And it’s not just European leaders. According to Infobae (in Spanish), more than 50 other countries, through joint statements, have condemned Washington’s illegal use of force. This is one of those rare issues on which Russian Foreign Minister Sergei Lavrov is more or less on the same page as European foreign ministers:
“I can’t conclude my comments on Venezuela first without mentioning our position on the unacceptable measures adopted by the US, on the pretext of combatting drug trafficking — destroying, without trial or investigation, or indeed presenting any proof to anybody, boats that according to them are transporting drugs. That’s how countries that operate outside the law, who consider themselves above the law, behave. I’m sure this path the Trump administration has chosen with regard to Venezuela will not lead to a good place and will do further harm to the US’s reputation in the world.”

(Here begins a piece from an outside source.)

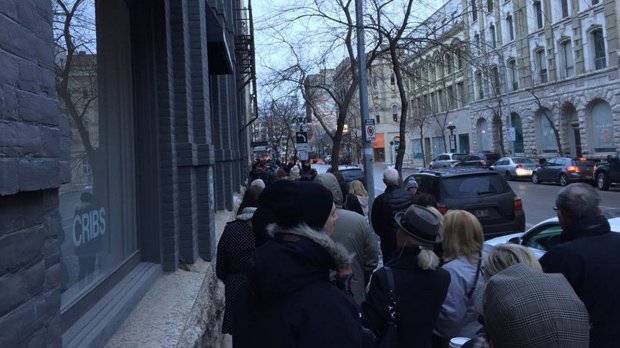 ctvwinnipeg's tweet photo. Hundreds line up for early tickets to RAW:almond winter pop-up restaurant https://t.co/5p6ynhSX0L #ctvwpg https://t.co/ScTdISyIko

The New Age of the Hemispheric Presidency
Washington, it seems, is long beyond caring about that. It is now in the grip of what Jose Atiles calls the “hemispheric presidency”:
Long treated as a secondary concern, including during President Donald Trump’s first term, when attention centered on China, the Middle East, and Eastern Europe, [Latin America] has returned to the forefront of US global strategy. But what is emerging is not a revival of Cold War containment or the Monroe Doctrine. It is the consolidation of a new US doctrine, one that aims to fuse emergency powers, economic warfare, and militarization into a unified hemispheric order.

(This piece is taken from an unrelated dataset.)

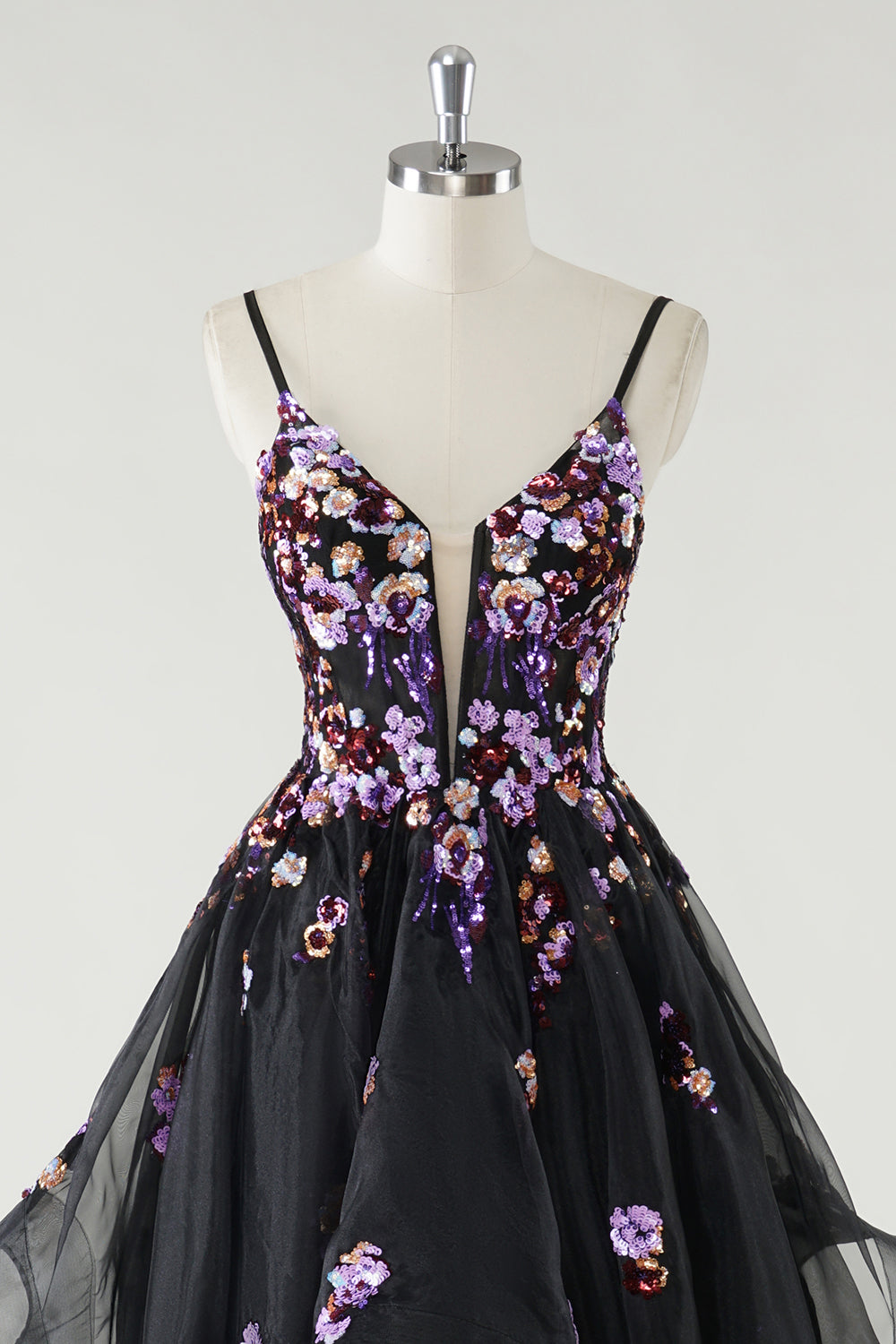 Une ligne profonde à col en V Robe De Soirée noire longue avec appliques à paillettes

This emerging doctrine is anchored in the expansion of presidential authority. It represents the full extension of the unitary executive theory or the imperial presidency into the sphere of foreign policy, an effort to normalize executive unilateralism as the organizing principle of US governance at home and abroad. Trump’s approach reveals how emergency powers techniques, such as executive orders, emergency declarations, and budgetary discretion, are being implemented as instruments of foreign policy.

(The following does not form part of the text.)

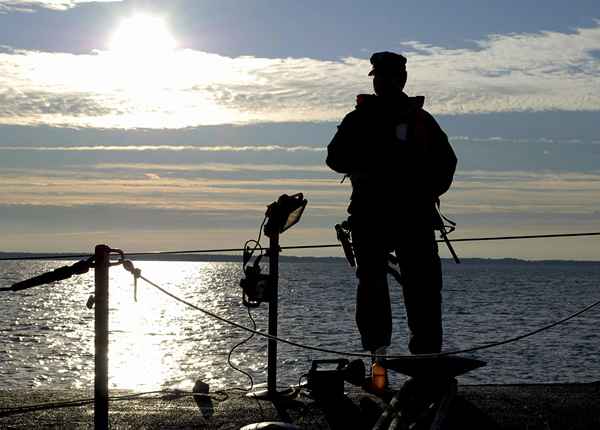 U.S. Requisitos de servicio submarino de la Marina para servir en un submarino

This realignment is only possible because of the profound transformations generated by the War on Drugs and the War on Terror, which over the last three decades expanded the legal and institutional capacity of the US executive branch to govern through permanent emergency. What began as exceptional counterinsurgency frameworks, asset seizures, sanctions, and military authorizations without congressional approval has evolved into the standard operating logic of the US government….
The Trump administration’s foreign policy rests on a single assumption: that the president can act independently of Congress, international law, and long-standing diplomatic norms. This logic manifests through unilateral bailouts, economic and financial sanctions, and militarized interventions.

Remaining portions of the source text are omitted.